• _EXERCISE PROMPT_
Each line that includes the word "white" should be copied from the records.

*-*-*

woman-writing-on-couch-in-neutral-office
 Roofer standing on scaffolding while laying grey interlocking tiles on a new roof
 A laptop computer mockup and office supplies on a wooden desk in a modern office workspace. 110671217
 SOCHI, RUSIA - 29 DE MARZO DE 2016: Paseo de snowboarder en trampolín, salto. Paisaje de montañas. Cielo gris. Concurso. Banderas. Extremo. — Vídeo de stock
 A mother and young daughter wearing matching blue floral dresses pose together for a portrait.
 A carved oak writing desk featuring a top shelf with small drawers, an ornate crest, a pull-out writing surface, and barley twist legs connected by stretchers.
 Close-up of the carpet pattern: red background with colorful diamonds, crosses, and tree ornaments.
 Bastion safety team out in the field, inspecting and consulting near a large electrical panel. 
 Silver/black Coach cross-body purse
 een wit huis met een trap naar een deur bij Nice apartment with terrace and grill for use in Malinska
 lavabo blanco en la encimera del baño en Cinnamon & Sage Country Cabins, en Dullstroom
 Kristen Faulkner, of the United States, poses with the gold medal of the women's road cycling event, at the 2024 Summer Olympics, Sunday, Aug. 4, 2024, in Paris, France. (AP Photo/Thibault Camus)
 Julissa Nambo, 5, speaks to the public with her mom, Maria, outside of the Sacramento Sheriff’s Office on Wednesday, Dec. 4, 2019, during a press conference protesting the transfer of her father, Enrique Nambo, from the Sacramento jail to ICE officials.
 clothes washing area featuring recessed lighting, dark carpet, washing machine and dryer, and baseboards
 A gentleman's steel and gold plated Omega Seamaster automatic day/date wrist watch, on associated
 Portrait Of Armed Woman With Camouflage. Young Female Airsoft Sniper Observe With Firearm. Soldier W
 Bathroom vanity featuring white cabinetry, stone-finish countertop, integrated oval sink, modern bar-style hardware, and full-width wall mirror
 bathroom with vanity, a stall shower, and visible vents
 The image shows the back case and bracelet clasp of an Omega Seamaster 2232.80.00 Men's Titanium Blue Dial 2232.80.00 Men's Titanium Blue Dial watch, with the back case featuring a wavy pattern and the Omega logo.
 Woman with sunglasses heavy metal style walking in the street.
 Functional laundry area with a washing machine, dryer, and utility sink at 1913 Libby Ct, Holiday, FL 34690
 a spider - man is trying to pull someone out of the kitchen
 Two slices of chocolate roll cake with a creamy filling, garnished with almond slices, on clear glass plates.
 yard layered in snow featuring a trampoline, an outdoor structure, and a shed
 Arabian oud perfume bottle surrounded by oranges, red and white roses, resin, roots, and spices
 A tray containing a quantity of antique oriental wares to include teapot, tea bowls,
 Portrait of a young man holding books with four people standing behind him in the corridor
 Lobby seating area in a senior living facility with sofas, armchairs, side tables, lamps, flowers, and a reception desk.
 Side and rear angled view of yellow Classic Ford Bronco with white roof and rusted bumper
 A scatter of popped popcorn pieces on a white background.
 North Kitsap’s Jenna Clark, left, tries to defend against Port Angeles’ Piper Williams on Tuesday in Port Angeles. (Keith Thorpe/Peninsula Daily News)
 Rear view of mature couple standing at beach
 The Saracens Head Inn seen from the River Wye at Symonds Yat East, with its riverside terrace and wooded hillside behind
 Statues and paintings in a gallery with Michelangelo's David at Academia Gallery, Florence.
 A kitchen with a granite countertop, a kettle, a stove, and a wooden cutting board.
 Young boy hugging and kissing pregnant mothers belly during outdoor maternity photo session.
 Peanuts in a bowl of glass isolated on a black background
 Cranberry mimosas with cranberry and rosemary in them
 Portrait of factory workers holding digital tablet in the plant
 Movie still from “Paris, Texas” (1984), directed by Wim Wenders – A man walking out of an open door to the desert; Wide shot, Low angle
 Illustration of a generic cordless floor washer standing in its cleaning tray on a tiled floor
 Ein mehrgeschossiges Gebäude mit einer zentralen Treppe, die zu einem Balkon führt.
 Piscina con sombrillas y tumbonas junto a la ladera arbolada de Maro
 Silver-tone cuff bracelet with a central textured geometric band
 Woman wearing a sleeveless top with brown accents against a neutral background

*-*-*

• _COMPLETED TASK_
 Bathroom vanity featuring white cabinetry, stone-finish countertop, integrated oval sink, modern bar-style hardware, and full-width wall mirror
 Arabian oud perfume bottle surrounded by oranges, red and white roses, resin, roots, and spices
 Side and rear angled view of yellow Classic Ford Bronco with white roof and rusted bumper
 A scatter of popped popcorn pieces on a white background.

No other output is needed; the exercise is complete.